Mn-doped activated carbon aerogel as electrode material for pseudo-capacitive supercapacitor: Effect of activation agent

Carbon aerogel (CA) was prepared by a sol-gel polymerization of resorcinol and formaldehyde, and a series of activated carbon aerogels (ACA-X, X = H₃PO₄, K₂CO₃, KOH, and ZnCl₂) were then prepared by a chemical activation using different activation agent (X represented an activation agent). Specific capacitances of activated carbon aerogels were measured by cyclic voltammetry and galvanostatic charge/discharge methods in 6 M KOH electrolyte. Among the samples prepared, ACA-K₂CO₃ showed the highest specific capacitance (152 F/g).
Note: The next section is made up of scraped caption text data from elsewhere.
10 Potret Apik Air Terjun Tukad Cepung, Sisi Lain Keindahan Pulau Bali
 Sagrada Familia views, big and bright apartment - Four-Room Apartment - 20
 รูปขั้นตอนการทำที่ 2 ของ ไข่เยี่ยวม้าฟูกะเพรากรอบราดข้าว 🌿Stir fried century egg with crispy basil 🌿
In order to combine excellent electrochemical performance of activated carbon aerogel with pseudo-capacitive property of manganese oxide, 7 wt% manganese oxide was doped on activated carbon aerogels (Mn/ACA-X) by an incipient wetness impregnation method. Capacitance measurements revealed that Mn/ACA-K₂CO₃ showed the highest specific capacitance (189 F/g). The enhanced capacitance of Mn/ACA-K₂CO₃ was attributed to the fine pore structure and outstanding electric properties of activated carbon aerogel as well as the faradaic redox reactions of manganese oxide.